[Listed records Boundary: Start]

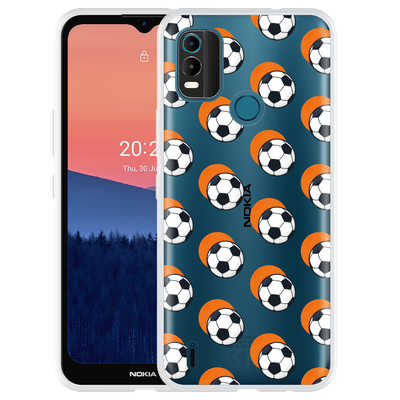 Cazy Hoesje geschikt voor Nokia C21 Plus - Soccer Ball Orange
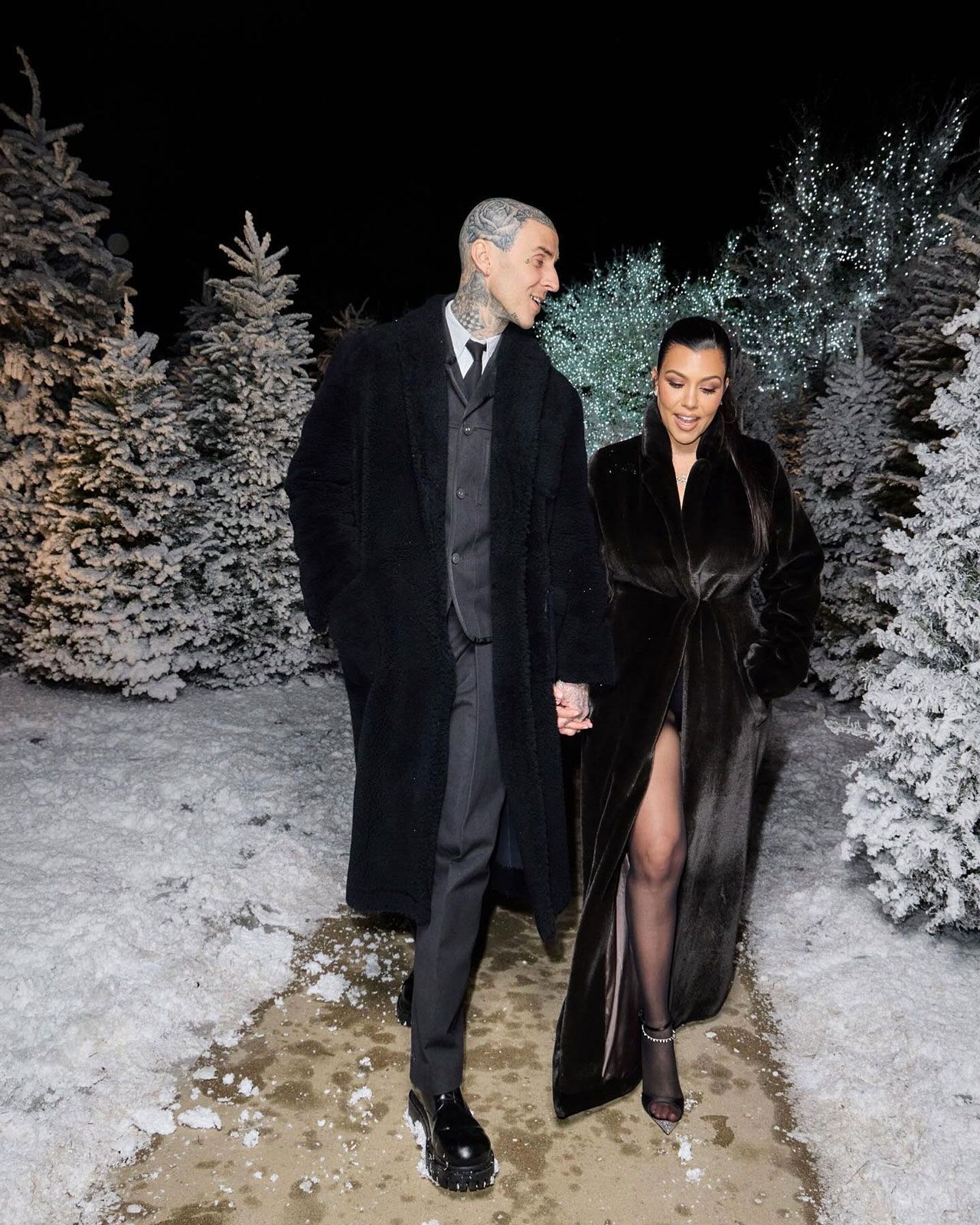 Kourtney Kardashian Travis Barker Christmas trees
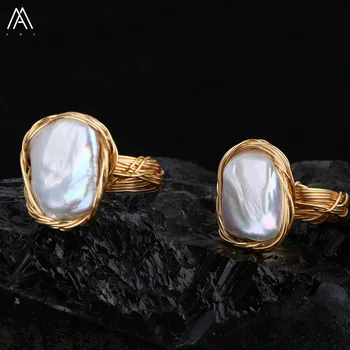 

5PCS/Lot Freeform Slab Pearl Rings,Gold Copper Wrapped Baroque Pearl Handmade Rings,Irregular Pearl Women Wedding Ring TSMN-40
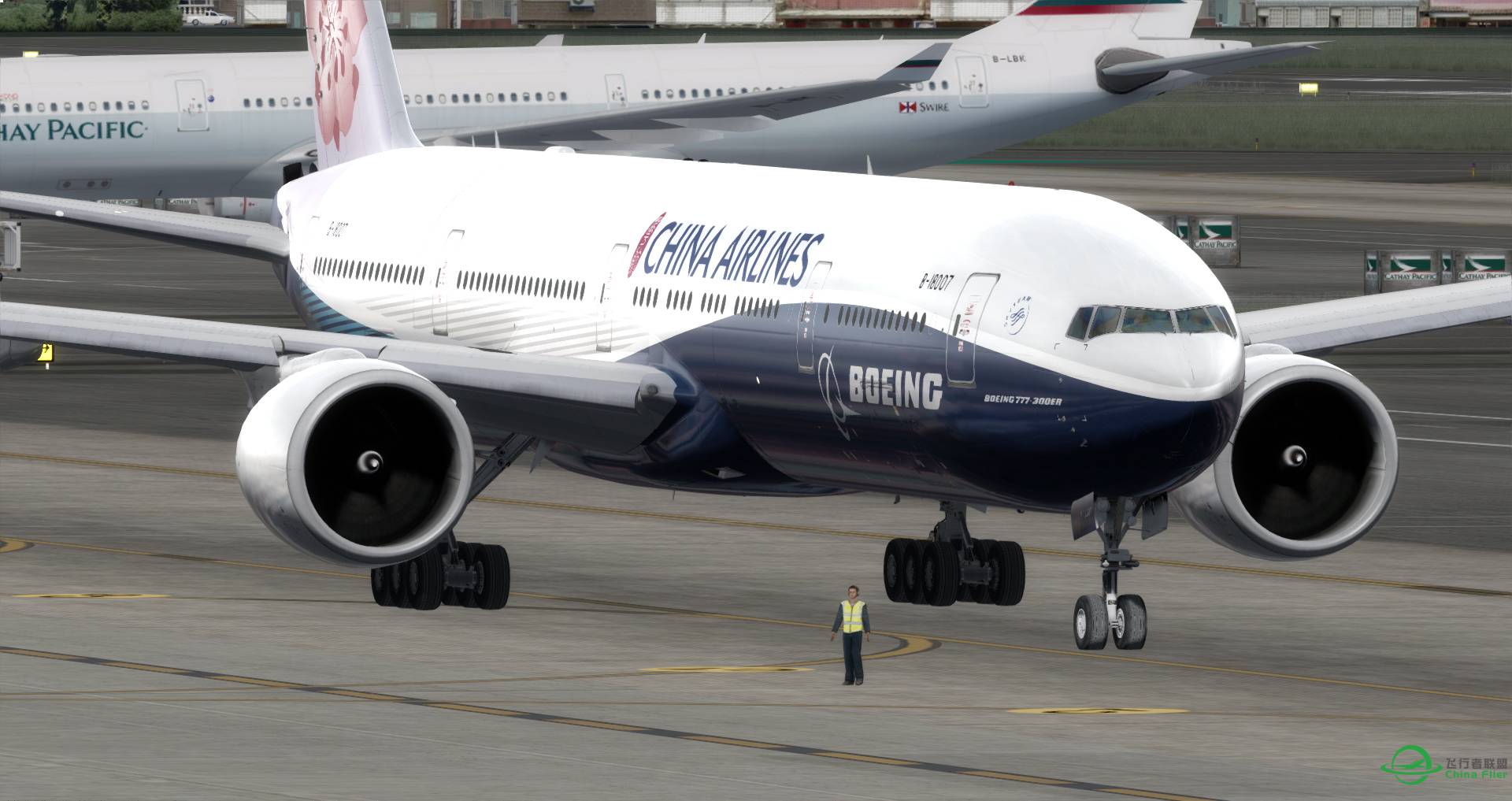 中华航空波音777 台北桃园机场直飞厦门高崎机场 P3D延时记...-1733 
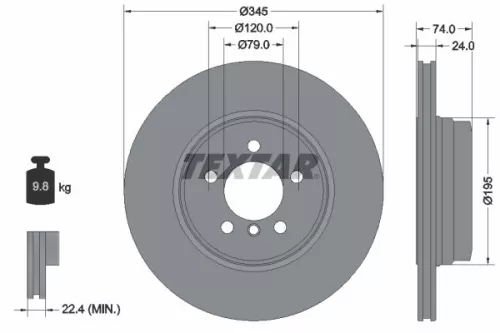 TEXTAR TEXTAR 92155005 1x TEXTAR 92155005 Brake Disc 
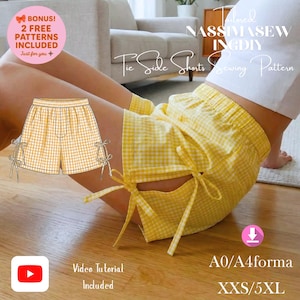 Könnte beinhalten: Gelb-weiß karierte Shorts mit elastischem Bund und dekorativen seitlichen Bindebändern. Das digitale Schnittmuster enthält eine Videoanleitung, zwei Bonus-Schnittmuster und ist in den Größen XXS bis 5XL in A0 und A4 erhältlich.
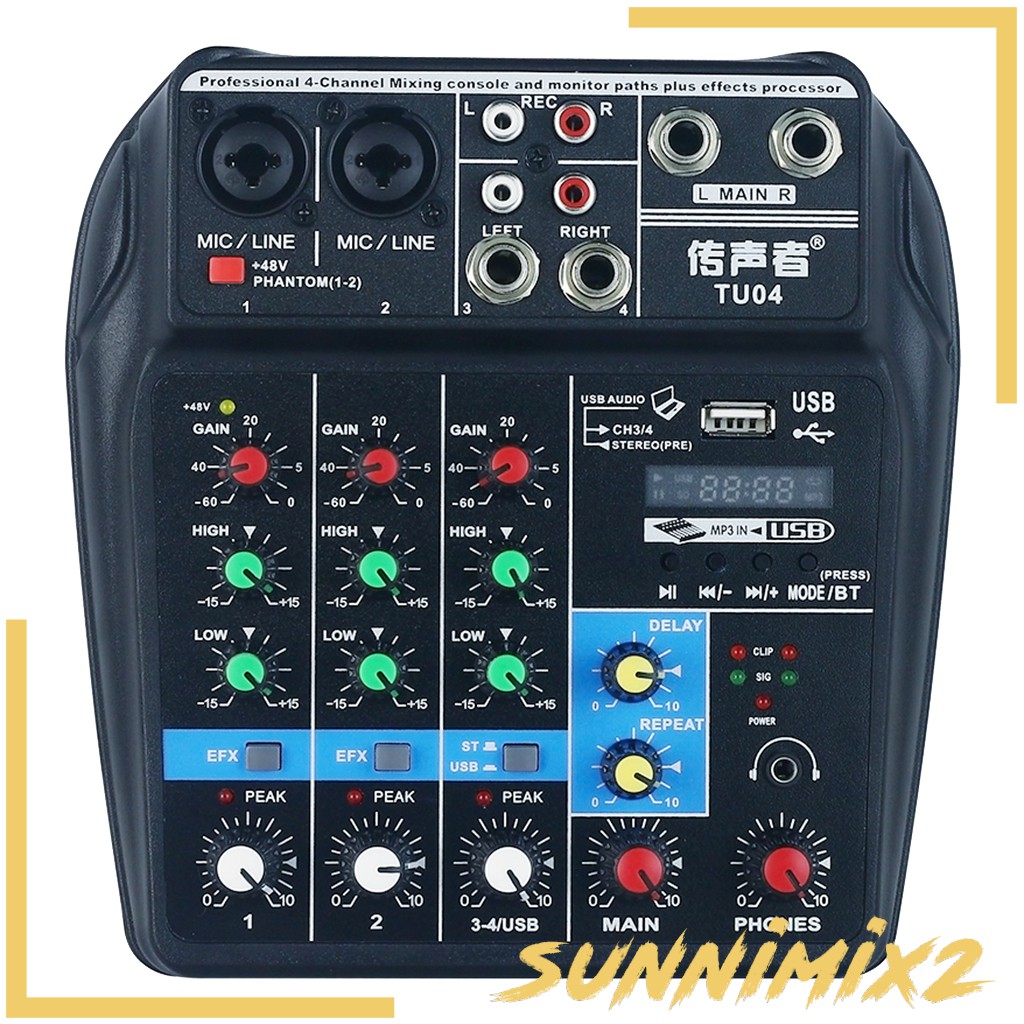 4 Channel USB Audio Mixer Mixing Console Sound Card Small Mixer Black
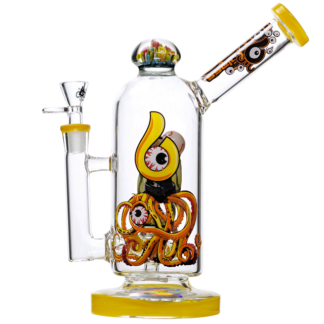 Biigo Glass Eye Perc Water Pipe w/ Flower 10" (Red)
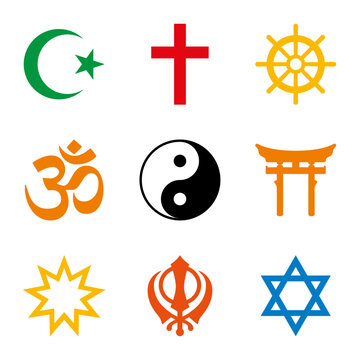 World religions, nine colored symbols of major religious groups and religions. Islam, Christianity, Buddhism, Hinduism, Taoism, Shinto, Bahai Faith, Sikhism and Judaism. Isolated illustration. Vector.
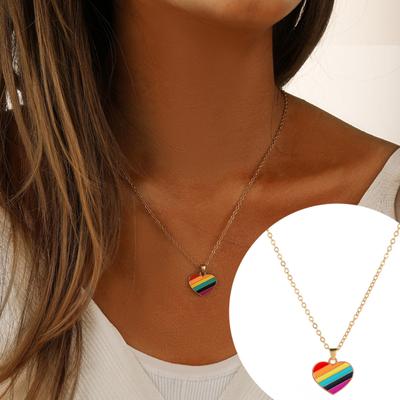 Women Necklace Smooth Heart Striped Rainbow Pendant Adjustable Length Stainless Alloy Choker Necklace Neck Decoration Jewelry Birthday Gift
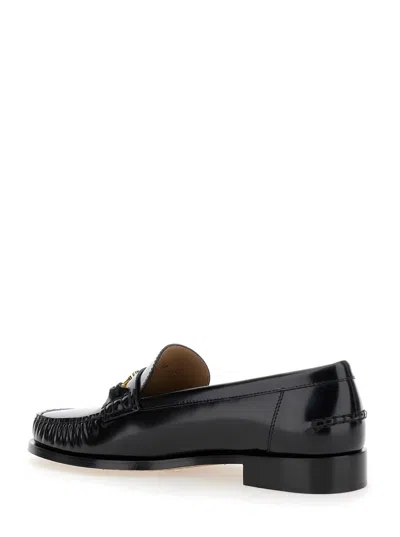 Ferragamo Dark Brown Moccasin New Vara Chain In Black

[Listed records Boundary: End]

* **Exercise description**:
Return the records verbatim, minus pictures.

* **Your response**:
 Cazy Hoesje geschikt voor Nokia C21 Plus - Soccer Ball Orange
 Kourtney Kardashian Travis Barker Christmas trees

5PCS/Lot Freeform Slab Pearl Rings,Gold Copper Wrapped Baroque Pearl Handmade Rings,Irregular Pearl Women Wedding Ring TSMN-40
 中华航空波音777 台北桃园机场直飞厦门高崎机场 P3D延时记...-1733 
 TEXTAR TEXTAR 92155005 1x TEXTAR 92155005 Brake Disc 
 Könnte beinhalten: Gelb-weiß karierte Shorts mit elastischem Bund und dekorativen seitlichen Bindebändern. Das digitale Schnittmuster enthält eine Videoanleitung, zwei Bonus-Schnittmuster und ist in den Größen XXS bis 5XL in A0 und A4 erhältlich.
 4 Channel USB Audio Mixer Mixing Console Sound Card Small Mixer Black
 Biigo Glass Eye Perc Water Pipe w/ Flower 10" (Red)
 World religions, nine colored symbols of major religious groups and religions. Islam, Christianity, Buddhism, Hinduism, Taoism, Shinto, Bahai Faith, Sikhism and Judaism. Isolated illustration. Vector.
 Women Necklace Smooth Heart Striped Rainbow Pendant Adjustable Length Stainless Alloy Choker Necklace Neck Decoration Jewelry Birthday Gift
 Ferragamo Dark Brown Moccasin New Vara Chain In Black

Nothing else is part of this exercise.